--- START ---
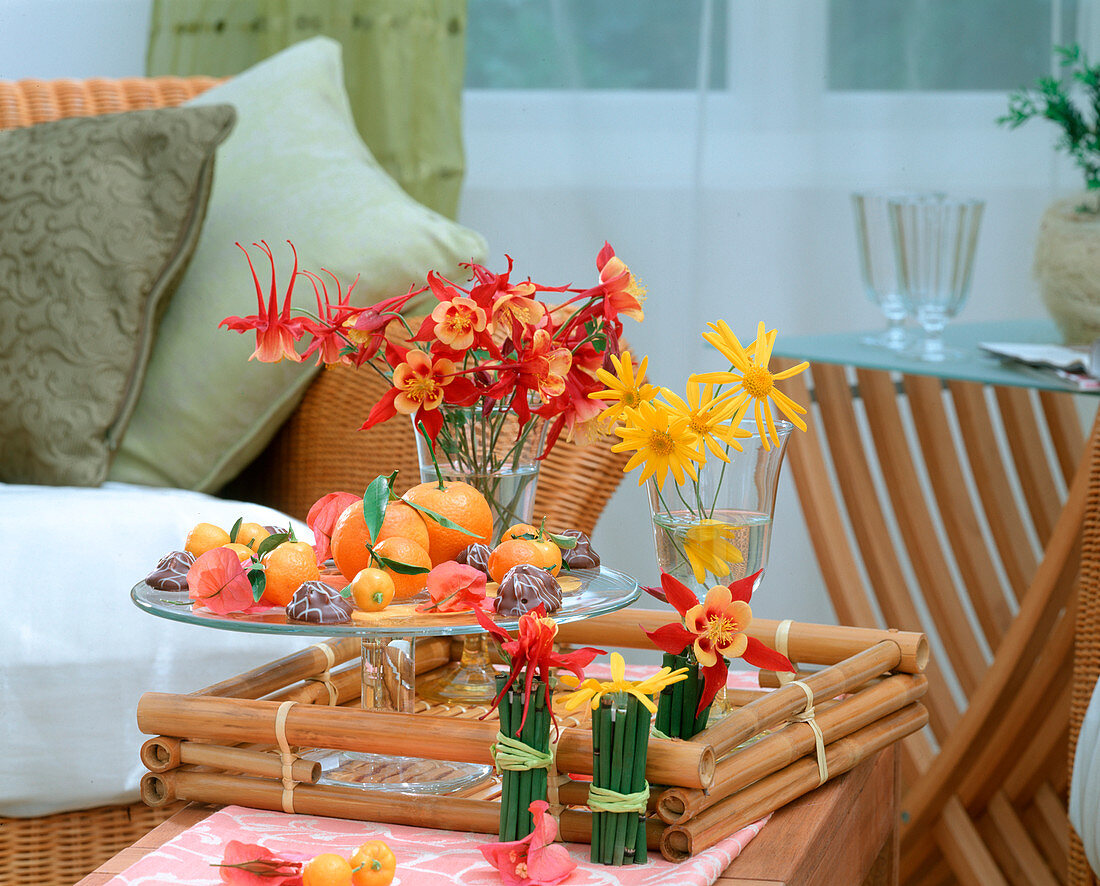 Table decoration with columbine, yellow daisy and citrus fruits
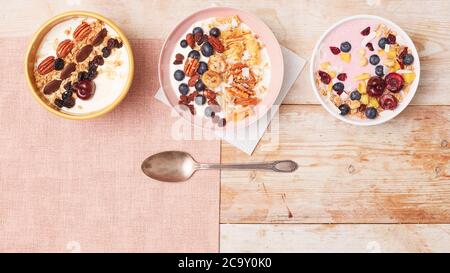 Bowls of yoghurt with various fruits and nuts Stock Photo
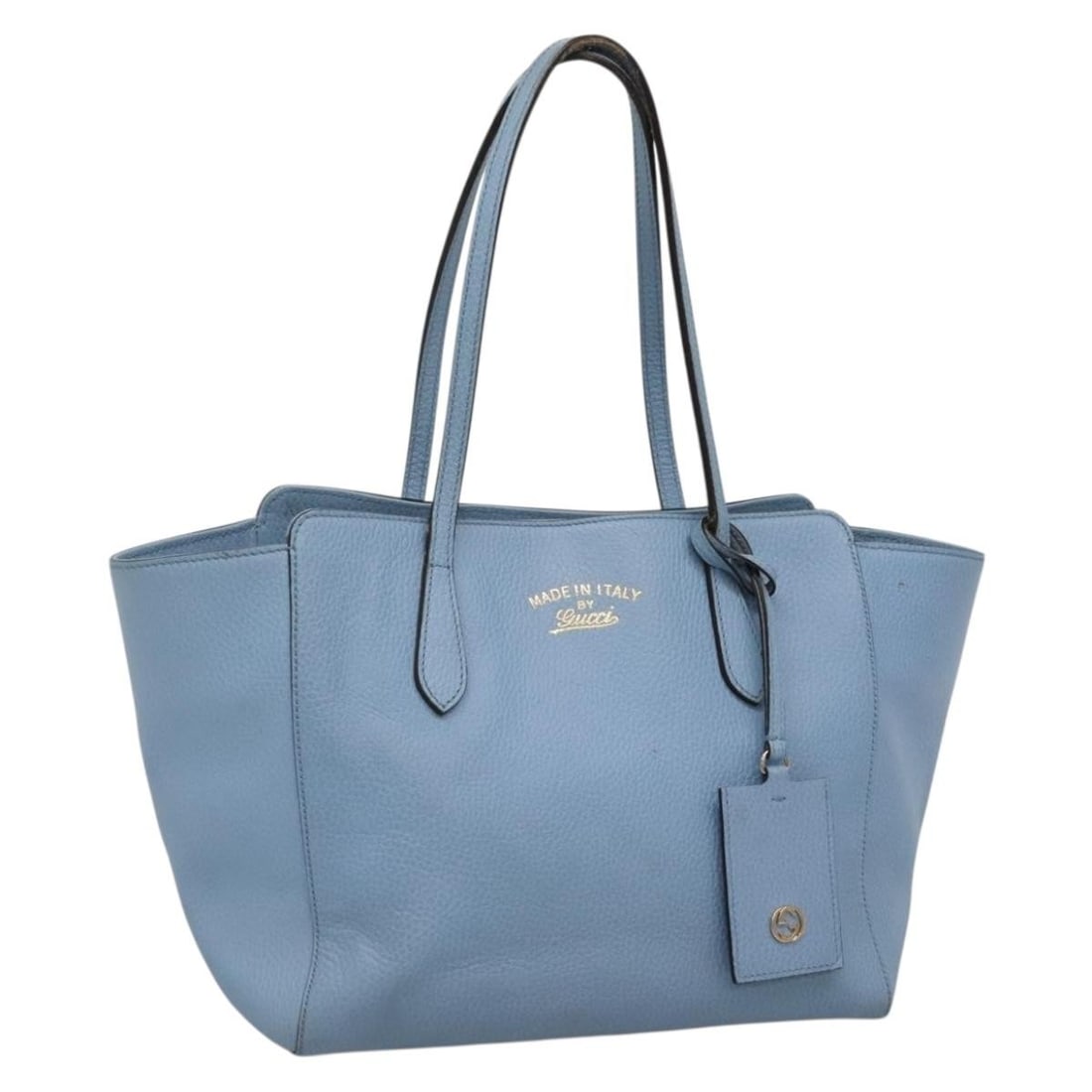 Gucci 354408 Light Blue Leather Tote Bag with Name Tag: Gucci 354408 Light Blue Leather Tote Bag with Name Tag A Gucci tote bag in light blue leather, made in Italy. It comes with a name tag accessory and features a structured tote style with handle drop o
--- END ---
--- START ---
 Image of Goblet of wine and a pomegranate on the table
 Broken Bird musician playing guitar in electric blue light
--- END ---
--- START ---
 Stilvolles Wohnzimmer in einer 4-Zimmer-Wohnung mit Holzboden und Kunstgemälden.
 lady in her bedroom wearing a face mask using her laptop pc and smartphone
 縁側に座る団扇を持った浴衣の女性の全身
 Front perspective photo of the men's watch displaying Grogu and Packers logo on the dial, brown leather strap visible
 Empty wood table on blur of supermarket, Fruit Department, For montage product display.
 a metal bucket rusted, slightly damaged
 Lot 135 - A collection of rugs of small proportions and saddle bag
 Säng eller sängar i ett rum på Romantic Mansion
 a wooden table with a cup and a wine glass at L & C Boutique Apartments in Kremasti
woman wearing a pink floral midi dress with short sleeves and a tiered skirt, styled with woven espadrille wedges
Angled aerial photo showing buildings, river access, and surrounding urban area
--- END ---
• [Your instructions]:
Reproduce exactly the entries above, limited to the lines from the one with "Empty wood table" through the one with "Angled aerial photo", both included.

• [Solution for this problem]:
 Empty wood table on blur of supermarket, Fruit Department, For montage product display.
 a metal bucket rusted, slightly damaged
 Lot 135 - A collection of rugs of small proportions and saddle bag
 Säng eller sängar i ett rum på Romantic Mansion
 a wooden table with a cup and a wine glass at L & C Boutique Apartments in Kremasti
woman wearing a pink floral midi dress with short sleeves and a tiered skirt, styled with woven espadrille wedges
Angled aerial photo showing buildings, river access, and surrounding urban area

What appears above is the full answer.